Purgatory is strictly a teaching of the Catholic Church that it is the state or condition in which those who have died in a state of grace, but with some attachment to sin, suffer for a time before they are admitted to the glory and happiness of heaven.

The Catholic Church also teaches that Christians can indulge in two types of sin—mortal sins (which will damn the soul) and venial sins (which will not damn the soul but will consign the person to purgatory). All, therefore, who die in venial sins or with the temporal punishment of their sins still unpaid must atone for them in purgatory. The Catholic Church also believes that the faithful on earth, the saints in heaven, and the souls in purgatory are united together in love and prayer. According to its doctrine, the faithful on earth —still struggling to win the victory of salvation—make up the church militant, while the saints in heaven are the church triumphant, and the souls in purgatory—still suffering in order to be perfectly purified from the effects of sin—constitute the church suffering.

All of these teachings are contradicted by the New Testament. The following verse gives the child of God full access to heaven: “Having therefore, brethren, boldness to enter into the holiest by the blood of Jesus, By a new and living way, which he hath consecrated for us, through the veil, that is to say, his flesh” (Heb. 10:19-20). It is a grand conclusion to the doctrinal argument of the worthiness of every child of God to enter the portals of glory. In other words, all, by accepting the blood sacrifice paid for by our Savior, have instant citizenship in heaven (when God calls us home to be with Him).

Prayers for the dead go hand in hand with purgatory. In Catholic doctrine, prayer cannot be completely efficacious without the priests as intermediaries, and no priestly functions can be rendered unless there is special payment for them. Therefore, in every land, we find the priesthood of the Catholic Church devouring widows’ houses and making merchandise of the tender emotions of sorrowing relatives sensitive to the immortal destiny of their beloved dead.

The Roman Catholic doctrine of purgatory is purely pagan and cannot for a moment stand in the light of Scripture. The Bible tells us, “the blood of Jesus Christ his Son cleanseth us from all sin” (I John 1:7). On the other hand, for those who die without personal union with Christ and consequently are unwashed, unjustified, and unsaved, there can be no other cleansing. I John 5:12 says, “He that hath the Son hath life; and he that hath not the Son of God hath not life.”

So the whole doctrine of purgatory is a system of purely pagan imposture, dishonoring God and deluding men who live in sin with the hope of atoning for it after death, thus cheating them out of their property and their salvation.
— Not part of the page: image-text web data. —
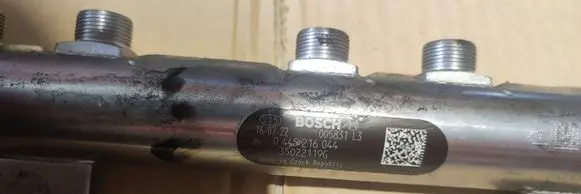 Maserati Levante Fuel main line pipe 0445216044 20641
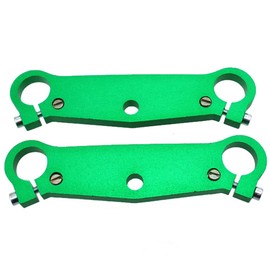 DJ-Motor 2 Strock Mini Bike Front Fork Triple Tree Clamps for 47cc 49cc Pocket Bike Cags Mx-3 GP-RSR MTA1 MTA2 A1 A2 A3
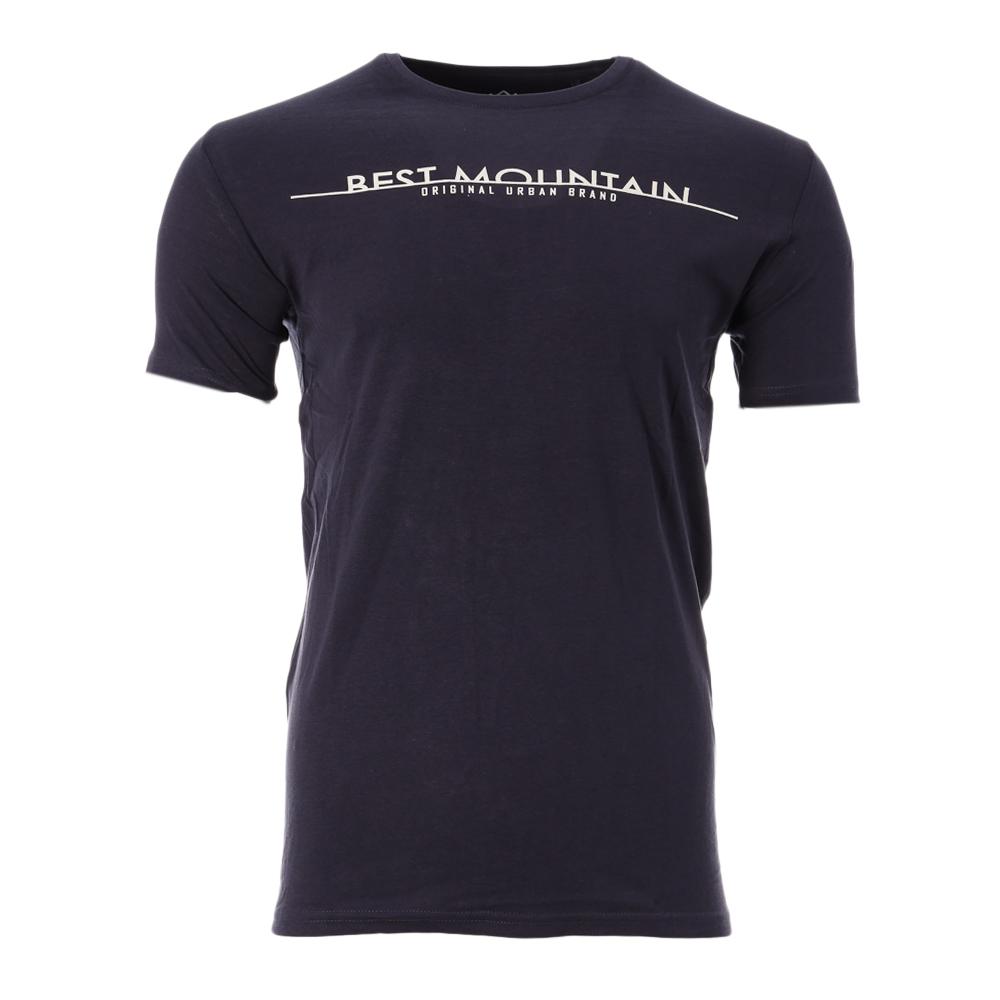 Best Mountain T-shirt Marine Homme Best Mountain 04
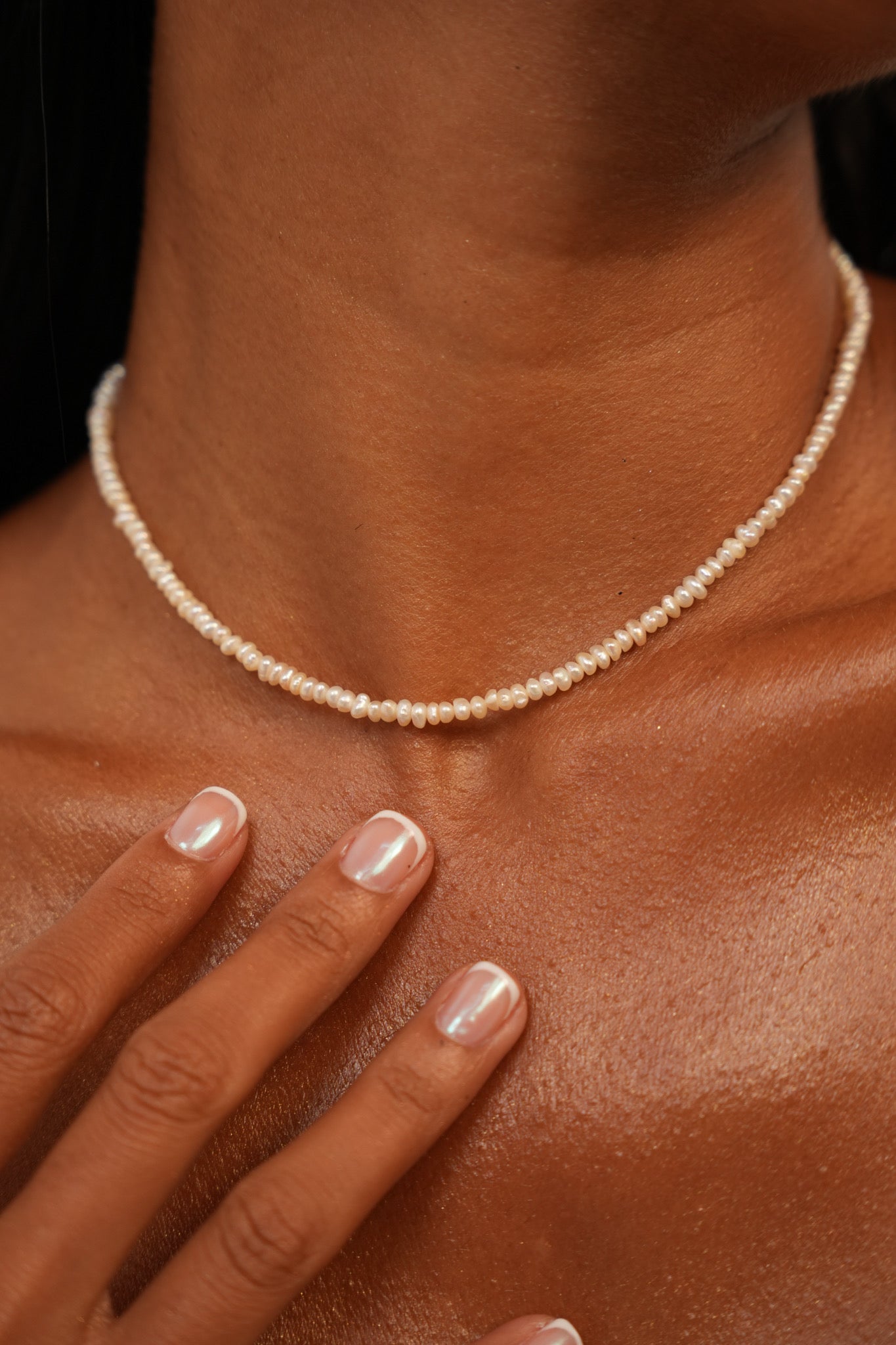 Bahia Pearl Necklace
As one of our SBN viewers put it, “People, they sometimes use that purgatory system to say, ‘Well, I’m bad now, but maybe I’ll get the chance to do this right in purgatory.’ So, it kind of gives you a license to misbehave so to speak, in this life.” But there are no second chances.

Nearly forty years ago, we ran an article in The Evangelist written by Sandy Carson and printed with his permission. Mr. Carson was a former Catholic priest who served in the Diocese of Alexandria, Louisiana, from 1955 to 1972, and what he wrote on the subject of purgatory is still enlightening and timely. The sidebar, at right, is an excerpt from that article.

Romans 3:21-26 clearly says that righteousness is totally from God as a gift, not as a result of any of our works (including suffering in an imagined purgatory). One would not have right standing (righteousness) before God if he still owed Him some debt of punishment. Again, righteousness is the result of faith in Jesus Christ alone, and never the result of works on our part. There is no place or necessity for any purgatory.